The key argument to @parameter is the only required parameter. It must match the name of an argument in whatever method it is decorating. This is how users of your plugin will identify the parameter they would like to set.

Key argument example
@parameter(key="message")
def do_something(self, message):
    print(message)
    return message

Type argument

Setting the type field for a Parameter will let Beer Garden do a couple of things.

First, it lets Beer Garden perform type validation on that parameter. If the value does not match the type (and can’t be converted sensibly) then the Request will be rejected.

Second, it allows the UI to use the best form element for that type of data. For example, you could use a string to represent a date, but setting type to 'date' means the UI will use a nice datepicker form element.

Finally, several validation constraints can only be applied to specific types. The minimum and maximum constraints are good examples of this - they don’t make sense for booleans, but they definitely do for integers!

Type argument example
@parameter(key="number", type="Integer")
def multiply_by_zero(self, number):
    return number * 0

This table outlines the valid type options.

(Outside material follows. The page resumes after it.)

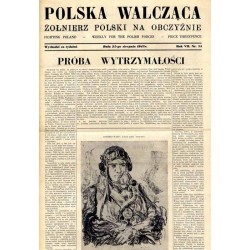 Polska Walcząca - Żołnierz Polski na Obczyźnie. Fighting Poland. Weekly for the Polish Forces. R.7 (1945). Nr 34 (25 sierpnia 19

Type Valid Constraints Notes

String

minimum, maximum, regex

Minimum and Maximum refer to length

Integer

minimum, maximum

Float

minimum, maximum

Boolean

Date

Form control will not have 'time' option

DateTime

Dictionary

JSON Object

Any

Valid JSON (Object, Array, String), number, literal null, true, false

The default type is Any. This gives the most flexibility, but it’s a good idea to always specify a type to take advantage of the benefits described above.

Multi argument

The multi field let’s Beer Garden know that the parameter should be a list. Most of the other fields stay the same and continue to describe the individual items in the list.

Multi argument example
@parameter(key="list_of_strings", multi=True, type="String")
def do_something(self, list_of_strings):
    for s in list_of_strings:
        print(s)
Some of the fields do change meaning when you’ve specified that multi is true. See the below table for a more detailed description.
Table 2. Multi Changes These Arguments
Argument How is it changed?

choices

Choices specify the only valid values, no value can be repeated.

maximum

Specifies Maximum length of the list

minimum

Specifies Minimum length of the list

Display name argument

The display_name field allows you control over how Beer Garden renders the name of the field. This is useful if your argument has a less-than-useful name from the end-users perspective.

Display name argument example
@parameter(key="foo", display_name="Name")
def do_something(self, foo):
    print("Hi!, my name is: %s" % foo)

Optional argument

The optional field allows you to specify whether or not the parameter is optional or required. The default depends on if there is a default value in the method definition.

Optional argument example
@parameter(key="foo", optional=True, nullable=True))
def do_something(self, foo):
    # By default, foo would not be optional but
    # it is specified in the param so it's assumed
    # the developer will handle the None case.
    if foo is None:
        print("foo is empty!")
    else:
        print(foo)

If a default is passed in, then optional will be set to True by default.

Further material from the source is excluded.